PROBLEM → For this exercise, return exactly the lines of the material below that begin at the one with "小金井（KOGANEI）內(nèi)置開" and stop after the one with "建筑防雷接地与综合布线基础知识图文详解，简单易懂！_27".

MATERIAL FOR THIS EXERCISE →
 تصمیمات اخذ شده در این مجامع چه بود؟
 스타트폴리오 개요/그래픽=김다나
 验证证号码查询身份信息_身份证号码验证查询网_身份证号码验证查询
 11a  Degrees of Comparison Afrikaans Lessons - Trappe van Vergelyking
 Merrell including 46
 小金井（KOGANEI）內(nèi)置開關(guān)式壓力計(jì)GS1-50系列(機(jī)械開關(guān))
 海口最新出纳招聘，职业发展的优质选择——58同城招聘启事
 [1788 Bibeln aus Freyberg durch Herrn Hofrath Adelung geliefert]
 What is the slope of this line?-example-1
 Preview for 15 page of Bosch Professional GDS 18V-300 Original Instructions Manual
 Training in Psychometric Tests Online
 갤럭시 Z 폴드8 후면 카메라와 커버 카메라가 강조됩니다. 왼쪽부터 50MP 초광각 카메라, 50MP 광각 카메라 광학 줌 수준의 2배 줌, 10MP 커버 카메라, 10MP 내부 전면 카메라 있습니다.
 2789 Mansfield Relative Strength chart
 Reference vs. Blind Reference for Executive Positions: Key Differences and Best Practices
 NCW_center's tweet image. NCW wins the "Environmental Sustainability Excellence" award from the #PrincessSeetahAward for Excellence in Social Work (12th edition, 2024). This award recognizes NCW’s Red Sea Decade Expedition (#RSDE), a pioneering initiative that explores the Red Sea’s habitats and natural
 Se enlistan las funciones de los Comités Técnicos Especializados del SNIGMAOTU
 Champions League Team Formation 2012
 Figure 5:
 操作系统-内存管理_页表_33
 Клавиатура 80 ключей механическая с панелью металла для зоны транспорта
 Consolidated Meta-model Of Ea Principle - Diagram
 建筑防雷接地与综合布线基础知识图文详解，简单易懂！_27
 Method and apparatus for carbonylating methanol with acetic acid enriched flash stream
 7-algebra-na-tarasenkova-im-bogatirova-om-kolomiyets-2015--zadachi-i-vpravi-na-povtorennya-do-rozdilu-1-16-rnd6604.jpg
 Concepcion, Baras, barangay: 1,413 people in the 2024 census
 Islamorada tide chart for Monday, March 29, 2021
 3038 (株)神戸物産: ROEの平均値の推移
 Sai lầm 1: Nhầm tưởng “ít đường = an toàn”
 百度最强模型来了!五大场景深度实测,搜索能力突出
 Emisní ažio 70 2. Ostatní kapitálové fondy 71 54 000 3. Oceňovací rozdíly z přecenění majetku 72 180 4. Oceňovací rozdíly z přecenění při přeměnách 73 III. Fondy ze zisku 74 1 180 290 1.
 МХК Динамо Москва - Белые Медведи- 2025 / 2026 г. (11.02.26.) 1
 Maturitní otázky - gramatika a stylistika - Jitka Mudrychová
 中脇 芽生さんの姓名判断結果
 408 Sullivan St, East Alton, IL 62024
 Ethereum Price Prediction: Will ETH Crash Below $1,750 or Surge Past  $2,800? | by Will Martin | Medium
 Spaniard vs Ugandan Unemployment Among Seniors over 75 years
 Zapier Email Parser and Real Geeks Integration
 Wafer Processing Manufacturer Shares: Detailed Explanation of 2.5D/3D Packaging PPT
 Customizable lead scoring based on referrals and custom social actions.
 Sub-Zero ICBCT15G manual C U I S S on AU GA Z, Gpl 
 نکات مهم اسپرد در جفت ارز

OUTPUT FOR THIS TASK →
 小金井（KOGANEI）內(nèi)置開關(guān)式壓力計(jì)GS1-50系列(機(jī)械開關(guān))
 海口最新出纳招聘，职业发展的优质选择——58同城招聘启事
 [1788 Bibeln aus Freyberg durch Herrn Hofrath Adelung geliefert]
 What is the slope of this line?-example-1
 Preview for 15 page of Bosch Professional GDS 18V-300 Original Instructions Manual
 Training in Psychometric Tests Online
 갤럭시 Z 폴드8 후면 카메라와 커버 카메라가 강조됩니다. 왼쪽부터 50MP 초광각 카메라, 50MP 광각 카메라 광학 줌 수준의 2배 줌, 10MP 커버 카메라, 10MP 내부 전면 카메라 있습니다.
 2789 Mansfield Relative Strength chart
 Reference vs. Blind Reference for Executive Positions: Key Differences and Best Practices
 NCW_center's tweet image. NCW wins the "Environmental Sustainability Excellence" award from the #PrincessSeetahAward for Excellence in Social Work (12th edition, 2024). This award recognizes NCW’s Red Sea Decade Expedition (#RSDE), a pioneering initiative that explores the Red Sea’s habitats and natural
 Se enlistan las funciones de los Comités Técnicos Especializados del SNIGMAOTU
 Champions League Team Formation 2012
 Figure 5:
 操作系统-内存管理_页表_33
 Клавиатура 80 ключей механическая с панелью металла для зоны транспорта
 Consolidated Meta-model Of Ea Principle - Diagram
 建筑防雷接地与综合布线基础知识图文详解，简单易懂！_27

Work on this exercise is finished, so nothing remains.